Слушай: копилка сия являет собой крашеную гипсовую деву, пастушку. Высотой около 25 сантиметров, она сидит, расправив пышные юбки и держась коричневенькими ручками за круглые коленки. Алые губки ея приоткрыты, белые зубки блестят, яко жемчуг, зрачок – лукав. На голове – чепец со цветочками, и каждый цветочек гипсовый имеет свой отдельный имманентный колер, а все вместе стоит 5 рублей, ибо я сильно торговался с похмельным воронежским мужиком. В копилку сквозь прорезь приличную боковую будут бросаться монеты щедрой рукой, а когда нашей Манечке настанет пора идти замуж, копилка будет разбита точным ударом, и там обнаружится некая многолетняя сумма, если, конечно, опять не будет денежной реформы, как тогда, в каком же это году? – в 1947-м? 1961-м?.. в 1947-м и 1961-м...

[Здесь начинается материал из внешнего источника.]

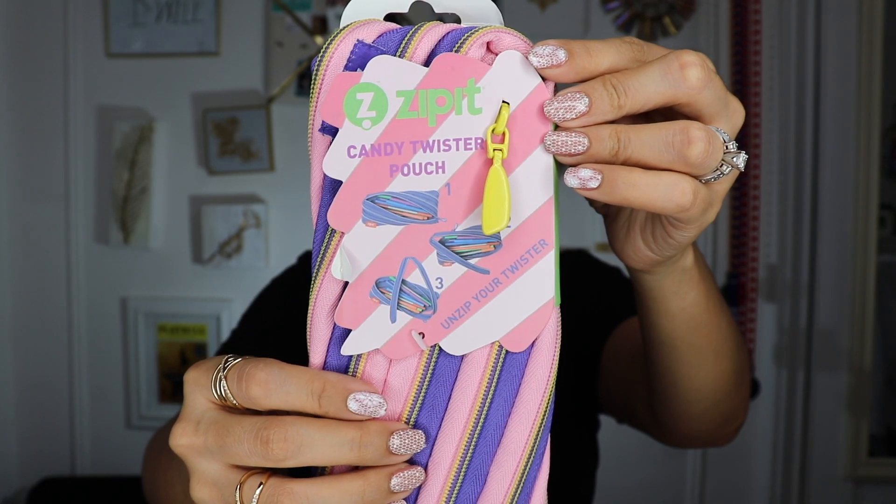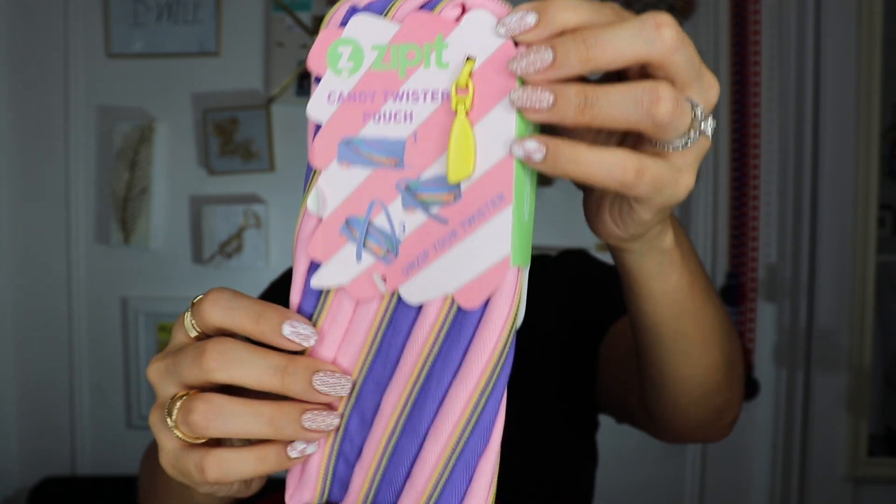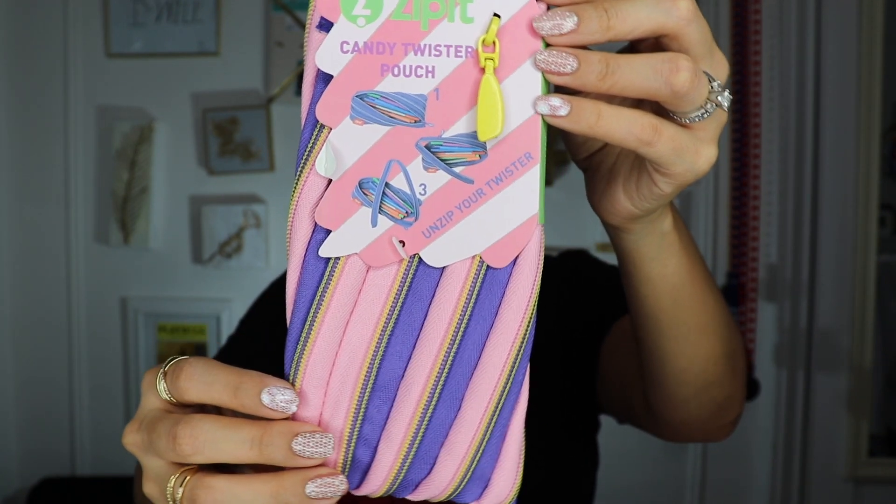This is a Zip-It Candy Twister Pouch — very cool. One of the things I love about Amazon is that you can buy these little ordinary things that are actually quite unique. So instead of just having a regular pencil case, this is a Zip-It where the whole pouch is basically just the zipper that you can unravel and open up, stick your pencils in, and close it back up. It's fun and I think it's neat when your kids have something a little extra special — it gets them more excited for school.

Еду, еду, еду... Шлю из грязного вагона слова привета тебе, дорогой мой!.. «Оставил я вас, милые мои...» Эрудит, умница, ты, конечно же, догадался, Ферфичкин, откуда эта цитата, и для тебя не является секретом, что все вышеописанное является хитрым зачином моих посланий к тебе, а лично сам я
...где в свободное от напряженнейшей работы время плавал в море, грыз экзотические орехи, кушал южные фрукты, овощи. За все это теперь расплачиваюсь, трясясь в разбитом вагоне: дует из окошек, дверей, с потолка и пола. А ведь я еду на Север, господа!.. О злая печаль, почто ты овладела командированным! Лишь мысль о встрече с горячо любимой женой греет мою замерзающую душу! За окном проносятся чужие земли, где стоят украинцы и, глядя вслед уходящему поезду, кажут нам фиги (инжир). Кореец Цой, директор совхоза, заключил договор, но не подписал его, что обнаружилось только в дороге, и мне теперь нагорит от начальства, но этот сюжет уже эксплуатировался литературой, ты помнишь, Ферфичкин?.. В тамбуре пьяный гражданин хвалит двух смешливых юношей за то, что грузины – дружный народ, чисто живут и богатые. Но и русских просит не обижать. Юноши обещают. Не иронизирую, Ферфичкин, это действительно яркий, убедительный образец, хороший, поучительный пример для молодежи! Немного вкусного пейзажа: туапсинская бухта дивно красива на фоне уходящего в Турцию солнца, особенно если выпьешь на пирсе вина «Анапа», 1 рубль 80 копеек бутылка (0,75 литра), крепость 19°. Красивое крепленое вино, усмехаешься ты. Жаль, что тебя не было с нами, усмехнусь я. В этом городе у нас появилось бы много новых друзей – моряки, железнодорожники, продавцы, милиционеры. Нам бы пришлось очень много работать. Мы бы ели хачапури, запивая этот сырный пирог «Анапой». «Глупо жалеть о том, чего у нас не было», – ответишь ты, и я не стану возражать.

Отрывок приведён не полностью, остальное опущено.